Karena tidak puas dengan perjanjian ini maka, pada tahun 1668 kembali terjadi perperangan antara Kesultanan Makassar dan Belanda, akhirnya benteng pertahanan terakhir Sultan Hasanuddin dapat dikuasai oleh Belanda. Sehingga pada tahun 1670 Sultan Hasanuddin wafar, pengganti Sultan Hasanuddin tidak mampu lagi mengangkat kejayaan Kesultanan Makassar, karena selalu diawasi Belanda. Jatuhnya Makassar ketangan ketangan Belanda, maka pelaut dan pedangan Bugis dan Makassar migrasi keberbagai wilayah Nusantara.


IV. Perkembangan Islam di Kalimantan

  Pada abad XVI, Islam memasuki daerah kerajaan Sukadana. Bahkan pada tahun 1590, kerajaan Sukadan resmi menjadi Giri Kusuma. Sunan Giri digantikan oleh putranya Sultam Muhammad Syarifuddin. Beliau banyak berjasa dalam mengembangkan agama Islam karena bantuan seorang mubalig bernama syaikh Syamsuddin. Sebagai Mubalig, mereka tidak menyia-nyiakan waktu untuk berdakwa. Islam akhirnya dapat memasuki kerajaan Kutai dan tersebar di Kalimantan Timur pada permulaan abad XVI M.
  Para ulama awal yang berdakwah di Sumatera dan Jawa melahirkan kader-kader dakwah yang terus menerus mengalir. Islam masuk ke Kalimantan atau yang lebih dikenal dengan Borneo kala itu. Di pulau ini, ajaran Islam masuk dari dua pintu.
Jalur pertama yang membawa Islam masuk ke tanah Borneo adalah jalur Malaka yang dikenal sebagai Kerajaan Islam setelah Perlak dan Pasai.
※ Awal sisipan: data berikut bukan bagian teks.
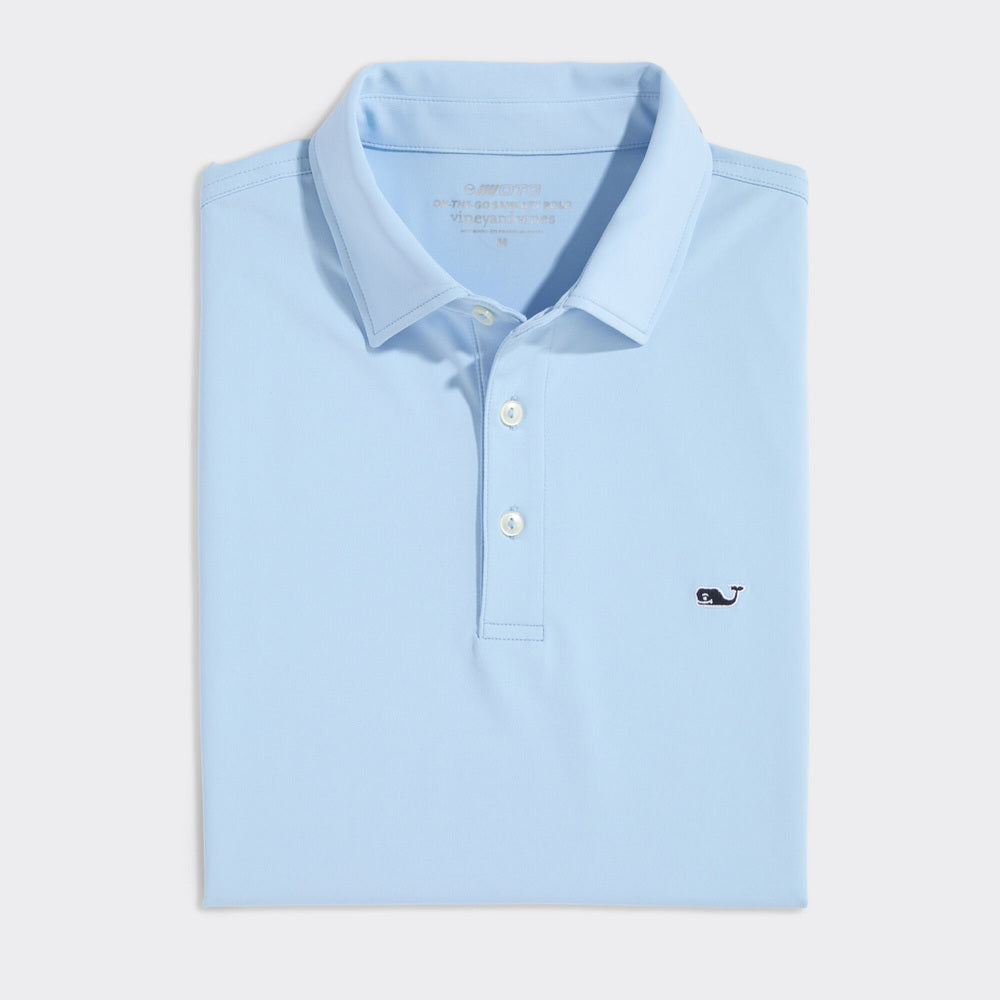 Vineyard Vines | Polo liso Sankaty Performance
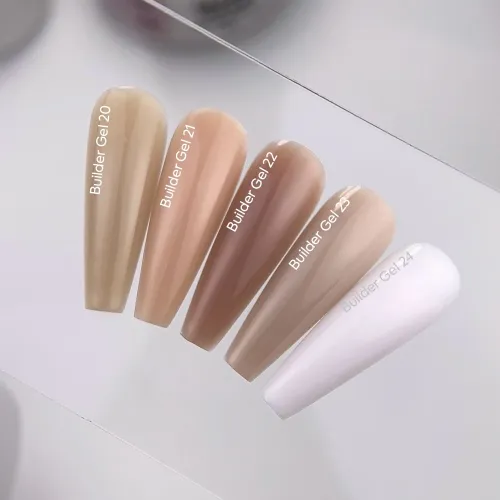 NAILS OF THE DAY Builder gel 20, 15 ml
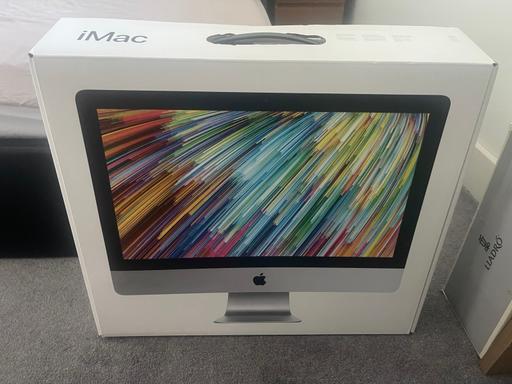 Buy & Sell West London Maida Vale - West London - Photos for iMac 21,5-inch HDD 1 TB - 8GB 2013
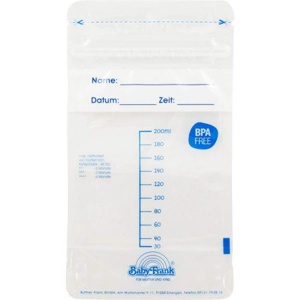 MUTTERMILCH Gefrierbeutel 180 ml Produktbild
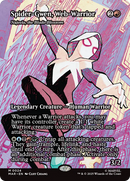 Spider-Gwen, Web-Warrior - Najeela, the Blade-Blossom [Marvel Universe: Eternal-Legal] - The Mythic Store | 24h Order Processing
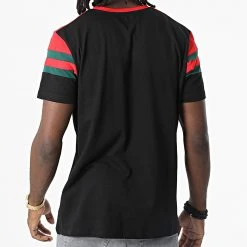 Budget ✨ Tee 👍 Shirt Tricolore 4058 Noir Vert Rouge de Classic Series 🎁 9 Budget ✨ Tee 👍 Shirt Tricolore 4058 Noir Vert Rouge de Classic Series 🎁 -HautStyle Boutique classic series 325811 4058 ROUGE VERT NOIR 20220701T144838 04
Jatuhnya Malaka ke tangan penjajah Portugis kian membuat dakwah semakin menyebar. Para mubaligh-mubaligh dan komunitas Islam kebanyakan mendiami pesisir Barat Kalimantan.
  Jalur lain yang digunakan menyebarkan dakwah Islam adalah para mubaligh yang dikirim dari Tanah Jawa. Ekspedisi dakwah ke Kalimantan ini menemui puncaknya saat Kerajaan Demak berdiri. Demak mengirimkan banyak mubaligh ke negeri ini. Perjalanan dakwah pula yang akhirnya melahirkan Kerajaan Islam Banjar dengan ulama-ulamanya yang besar, salah satunya adalah Syekh Muhammad Arsyad al Banjari.
  Di Kalimantan Selatan terutama sejak abad ke-14 sampai awal abad ke-16 yakni sebelum terbentuknya Kerajaan Banjar yang berorientasikan Islam, telah terjadi proses pembentukan negara dalam dua fase. Fase pertama yang disebut Negara Suku (etnic state) yang diwakili oleh Negara Nan Sarunai milik orang Maanyan. Fase kedua adalah negara awal (early state) yang diwakili oleh Negara Dipa dan Negara Daha.
  Terbentuknya Negara Dipa dan Negara Daha menandai zaman klasik di Kalimantan Selatan. Negara Daha akhirnya lenyap seiring dengan terjadinya pergolakan istana, sementara lslam mulai masuk dan berkembang disamping kepercayaan lama. Zaman Baru ditandai dengan lenyapnya Kerajaan Negara Daha beralih ke periode negara kerajaan (kingdom state) dengan lahirnya kerajaan baru, yaitu Kerajaan Banjar pada tahun 1526 yang menjadikan Islam sebagai dasar dan agama resmi kerajaan.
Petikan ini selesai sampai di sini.